Today, the most unlikely retail company came out and showed hope for a high-end Christmas season. I suggested taking a look at this underdog over the weekend (click here). Coach condoned my previous mentioned sentiments today, suggesting that this retail can be the Polar Express powering through the snow and giving great returns this holiday season.

I think one of the strongest testaments to the fact that Coach remains undervalued and an underdog is that  the company will be repurchasing $1.5 billion worth of shares. The earnings announcement reaffirmed many of the ideas I mentioned on Sunday. illustrating a company with decent growth, a strong brand name, and is successfully wading through economic uncertainties. As we all know well, China and Europe pose huge problems (of uncertainty), particularly when it comes to the category of luxury brands. Luckily for Coach, China remains a huge growth area for the company, contrary to popular belief. I won’t argue with a company that outperforms where others suffer.

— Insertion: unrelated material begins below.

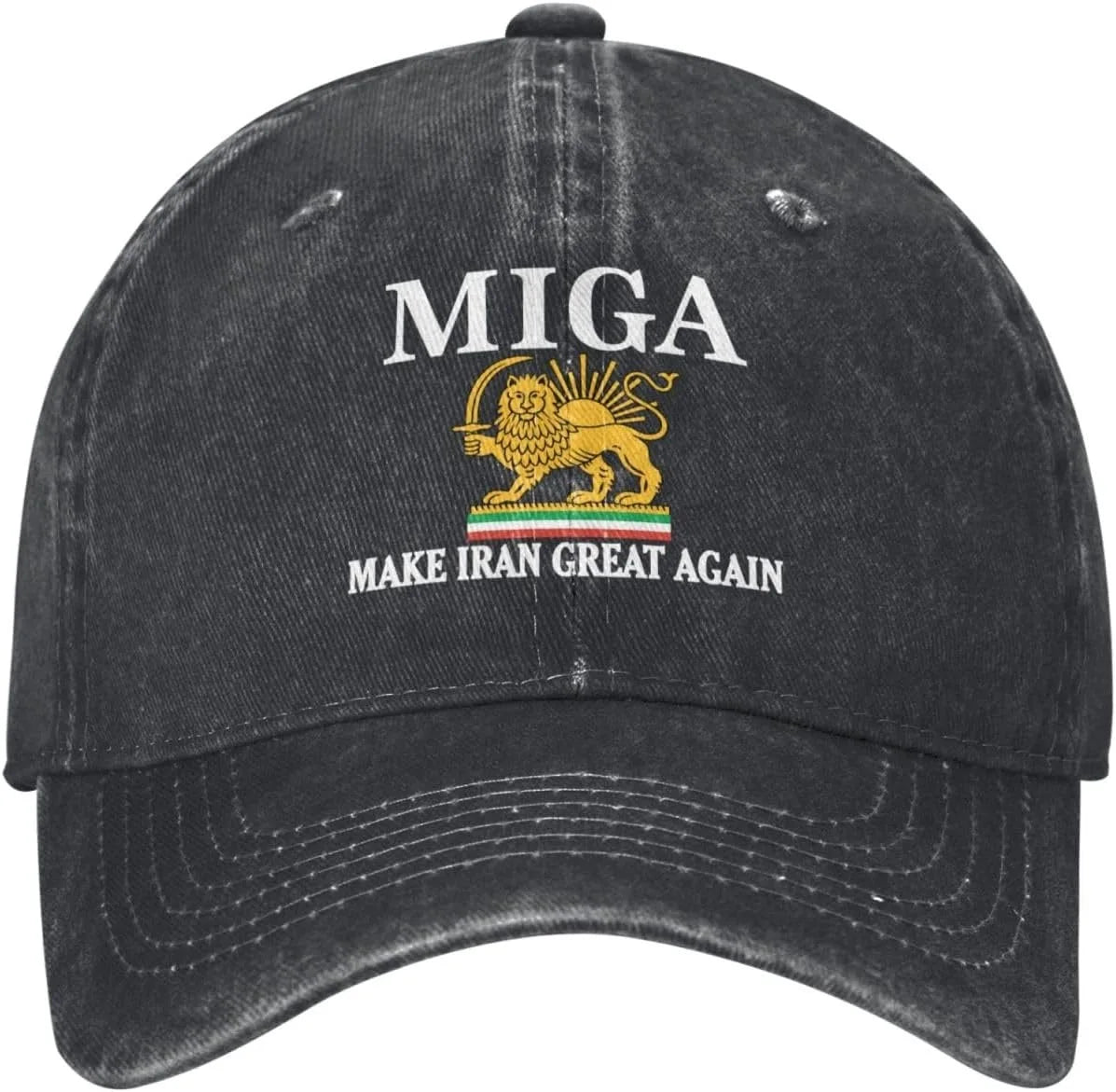 Make Iran Great Again Baseball Cap Men Women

Coach has many benefits, particularly in this environment as we are coming into the colder seasons (hopefully it will be frigid this season, boosting sales),being that accessories are huge in the current market. We saw the accessories as a  piece of fashion just begin to make inroads during the last holiday season. Any male who shopped for an extensive group of females knows that the Michael Kors wristwatch was on every girls dream list (for a watch under $500). Coach has just begun to make headwinds in the accessory arena. In this upcoming winter season I see them going head to head with Michael Kors, and hopefully taking a piece of the accessory pie. People just love accessorizing and obviously the masses love accessorizing with Coach as it showed a 10% growth in accessories last quarter in North America.

As we have seen the stock market overall perform well during the first part of 2012, one can undoubtedly argue that the wealth effect will have some play into the holiday season. As we see even the middle classes retirements make some leaps and bounds, this could be a Christmas retail many of use can only dream about (particularly for an aspirational brand like Coach). We have seen many of the luxury brands do well in unsavory conditions, no one’s to say they wont excel in more comfortable economic conditions.

With Coach setting itself apart due to its historic branding and price points, they are undoubtedly the play of aspirational luxury.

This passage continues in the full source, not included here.